1        PER CURIAM.   In this collection case, Leasing Services, LLC, appeals from an order denying its motion for summary judgment and granting the summary judgment motion of Machinist AFL- CIO Lodge 6S (“the Union”).  The circuit court concluded that the equipment lease between the parties was unconscionable at its inception.  We disagree and reverse.

2        In April 2006, United Leasing Associates of America, Ltd., and the Union entered into a six-year commercial equipment lease agreement under which the Union agreed to pay $2,289.00 per month for three Sharp copiers and ancillary equipment.  The monthly payment also included the balance remaining on prior lease agreements with other financing companies.  United Leasing later assigned the lease to appellant Leasing Services, LLC, located in Germantown, Wisconsin.  The Union is located in Bath, Maine.

3        Union Office Solutions is the vendor that presented the lease to the Union.  William Rudis, the Union’s representative, sought out Rod Eckland,[1] Office Solutions’ president and owner, as Rudis had met Eckland before, Office Solutions had supplied copiers to the Union in the past, and Rudis typically did not shop for Union equipment.[2]  Eckland told Rudis that Office Solutions’ pricing terms were “the best in the business … somewhere around dealer cost or below.”  Rudis testified later that he relied on Eckland’s representations and assessment of the Union’s needs.  An authorized Sharp sales and service provider in Maine later advised the Union and the court by affidavit that the monthly fee actually exceeded the “dealer cost” by a factor of three. 
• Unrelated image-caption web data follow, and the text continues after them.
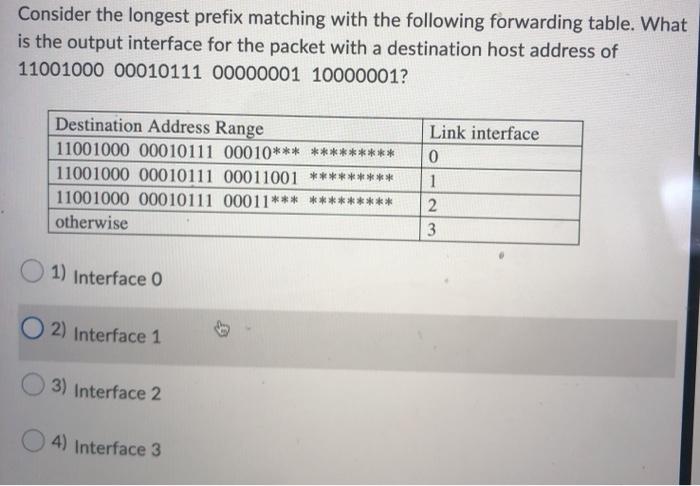 Solved What do we call the data unit exchanged in the | Chegg.com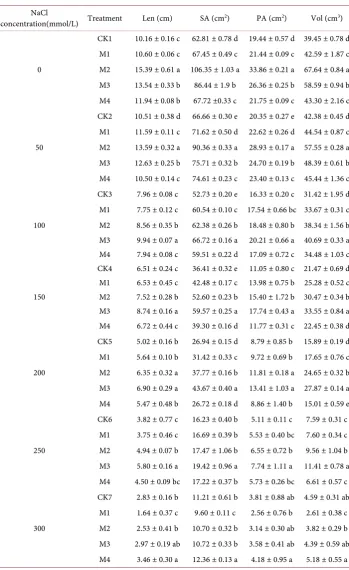 Table 1. Effects of B. subtilis QM3 on the growth of root under NaCl stress. 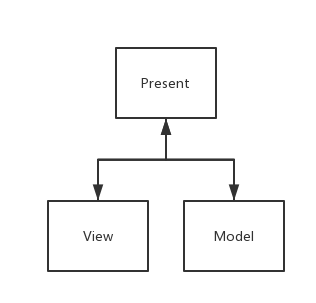 iOS项目架构模式(MVC、MVVM、MVCS、VIPER、MVP的选择)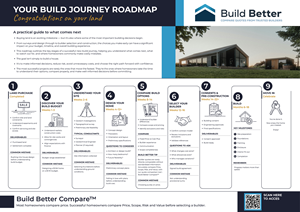 Flyer Design by Alike for this project | Design: #37390070
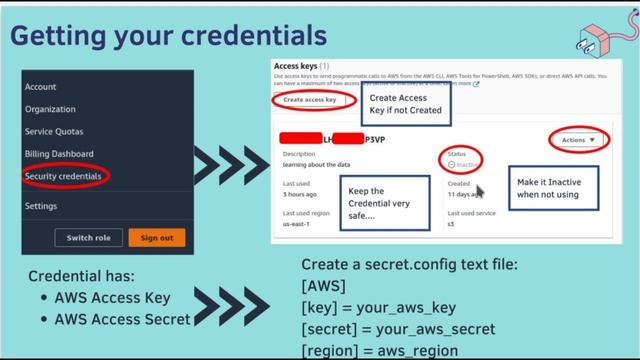 Connecting Python to AWS: 5 Step Guide with Boto and AWS Wrangler смотреть онлайн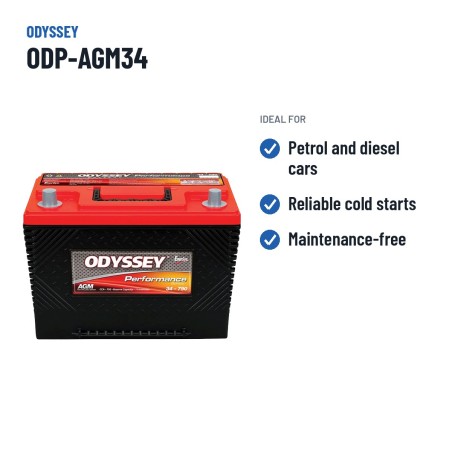 Bateria de carro Odyssey ODP-AGM34 61Ah 792A AGM – utilizações recomendadas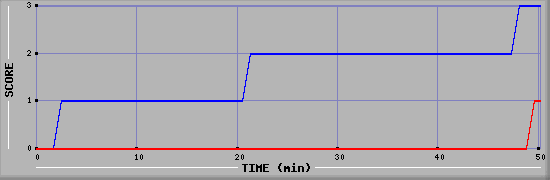 Team Scoring Diagramm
4        After making twenty-seven of the seventy-two payments, the Union advised Leasing Services that financial hardship prevented it from honoring the remainder of the lease.  Leasing Services filed suit.  Although the lease agreement contained a “hell or high water” clause that required performance no matter what, the Union answered that the terms of the lease were unconscionable, making the irrevocable agreement unenforceable.  The parties both moved for summary judgment, Leasing Services seeking a money judgment and the Union seeking dismissal of the case.  

5        The circuit court concluded that the lease agreement was substantively unconscionable because it unreasonably favored Leasing Services and also was procedurally unconscionable because Leasing Services was in a position of superior bargaining power, compared to Rudis.  Accordingly, the court concluded that the lease should not be enforced.  Leasing Services moved for reconsideration, to no avail.  Leasing Services appeals.

6        We review de novo the grant of summary judgment, employing the same methodology as the circuit court.  Green Spring Farms v. Kersten, 136
Wis. 2d 304, 314-16, 401 N.W.2d 816 (1987).  A party is entitled to summary judgment when there are no genuine issues of material fact and that party is entitled to judgment as a matter of law.  Wis. Stat. § 802.08(2) (2011-12).[3]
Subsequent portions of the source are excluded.